Aktuelle Daten zeigen, dass Rauchen bei Jugendlichen wieder an Beliebtheit gewinnt. Hendrik Streeck, Drogen- und Suchtbeauftragter, sieht vor allem die verführerischen Geschmacksrichtungen von E-Zigaretten und Vapes als treibenden Faktor.

Der Anteil rauchender Jugendlicher stieg in den letzten Jahren deutlich an. Laut dem Bundesinstitut für Öffentliche Gesundheit raucht inzwischen fast jeder zehnte Jugendliche zwischen 12 und 17 Jahren – ein signifikanter Anstieg gegenüber 2021. Vor fünf Jahren lag dieser Wert noch bei 6,1 Prozent.

Über die genauen Ursachen lässt sich nur spekulieren, erklärt Hendrik Streeck, Drogen- und Suchtbeauftragter der Bundesregierung. Einen wesentlichen Einfluss hätten jedoch neue E-Zigaretten und Vapes mit verlockenden Aromen. „Der Geruch und Geschmack erinnert nicht mehr an Rauch, sondern an Strawberry-Kiwi oder Coca-Cola. Dennoch führen sie sehr schnell zur Abhängigkeit“, erläuterte Streeck in der gemeinsamen Morgensendung von RTL und ntv, „Deutschland am Morgen“.

„Vapes wirken eher wie Süßigkeiten“

Die vermeintlich harmlosen Vapes „ziehen Jugendliche rasch in eine Nikotinsucht“, so Streeck weiter. Die Bundesregierung müsse daher sicherstellen, dass Aromen und Zusatzstoffe künftig verboten werden.

Auch die Gestaltung und Vermarktung dieser Produkte sieht Streeck kritisch. Nach Angaben der Weltgesundheitsorganisation greifen Kinder und Jugendliche neunmal häufiger zu E-Zigaretten als Erwachsene. „Man muss gegen diese Aufmachung vorgehen. Die Vapes sehen eher aus wie Süßigkeiten als wie Produkte für Erwachsene“, betont der Suchtbeauftragte.

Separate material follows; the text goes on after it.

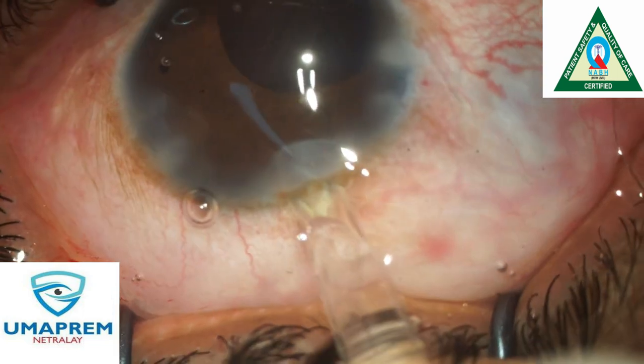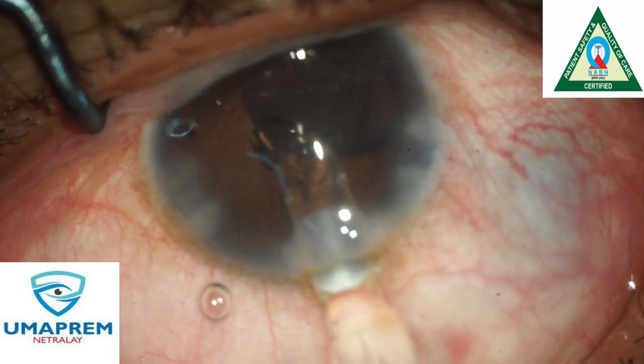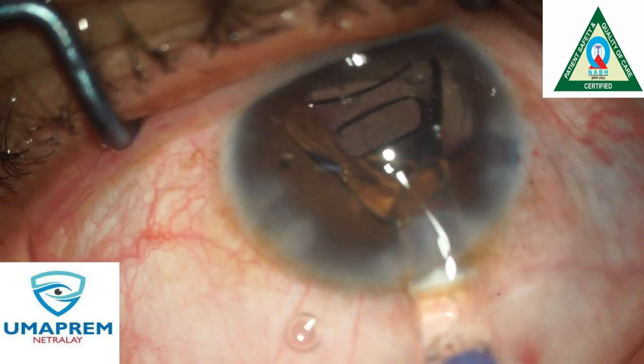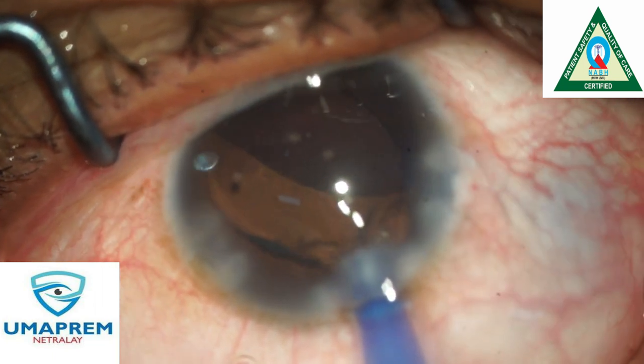In these types of cases, the zonules are very weak, so we perform every step very gently. We choose a plate-haptic IOL for this patient for better stability of the implant.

Zusätzlich fordert Streeck eine deutlich höhere Tabaksteuer. Rauchen verursacht jährlich etwa 131.000 Todesfälle und belastet das Gesundheitssystem mit Kosten von rund 100 Milliarden Euro. „Wenn Produkte teurer werden, greifen weniger Menschen dazu. Außerdem fließen Mehreinnahmen durch höhere Steuern direkt ins Gesundheitssystem“, argumentiert Streeck.

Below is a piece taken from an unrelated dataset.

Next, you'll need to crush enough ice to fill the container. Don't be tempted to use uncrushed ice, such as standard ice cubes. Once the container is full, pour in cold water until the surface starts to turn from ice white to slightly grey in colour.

Tabakindustrie lehnt Steuererhöhungen ab

Jan Mücke, Bundesgeschäftsführer des Bundesverbands der Tabakwirtschaft, sieht die Lage anders. Er weist darauf hin, dass Zigaretten bereits das am höchsten besteuerte Genussmittel sind – was dazu führt, dass rund 20 Prozent der in Deutschland konsumierten Zigaretten unversteuert sind. „Etwa jede fünfte Zigarette, die hier geraucht wird, ist nicht in Deutschland versteuert“, erklärte Mücke im RTL- und ntv-Frühstart. Drastische Steuererhöhungen würden Konsumenten noch mehr in den Schwarzmarkt oder ins Ausland treiben. „Das ist problematisch, denn der Schwarzmarkt fragt nicht nach Altersnachweisen und dem Staat entgehen dadurch erhebliche Steuereinnahmen. Das ist keine sinnvolle Politik.“

Statt Verbote und Steuererhöhungen fordert Mücke eine konsequentere Umsetzung bestehender Gesetze. „Der Erfolg hängt stark davon ab, wie der Staat seine Regeln durchsetzt. Dabei sind zu wenige Mitarbeiter in den Kontrollbehörden tätig“, so Mücke. In seinem Landkreis habe es in fünf Jahren lediglich zwei Verfahren wegen Verstößen gegen Jugendschutzbestimmungen gegeben. Zudem seien die Bußgelder zu gering. „Wer Nikotinprodukte an Jugendliche verkauft, muss mit sehr hohen Strafen rechnen“, fordert Mücke.

Ein weiterer Streitpunkt ist die Zulassung sogenannter Nikotin-Pouches – kleine Beutelchen, die unter die Oberlippe gelegt werden und bei denen kein Rauch eingeatmet wird. Mücke spricht sich für eine Legalisierung dieser Produkte aus. „Das würde gesundheitliche Vorteile bieten und erwachsenen Rauchern alternative Optionen ermöglichen.“

In einem Punkt sind sich Streeck und Mücke einig: Der Anstieg des Rauchens unter Jugendlichen ist eine ernsthafte Herausforderung, die politisches Handeln erfordert.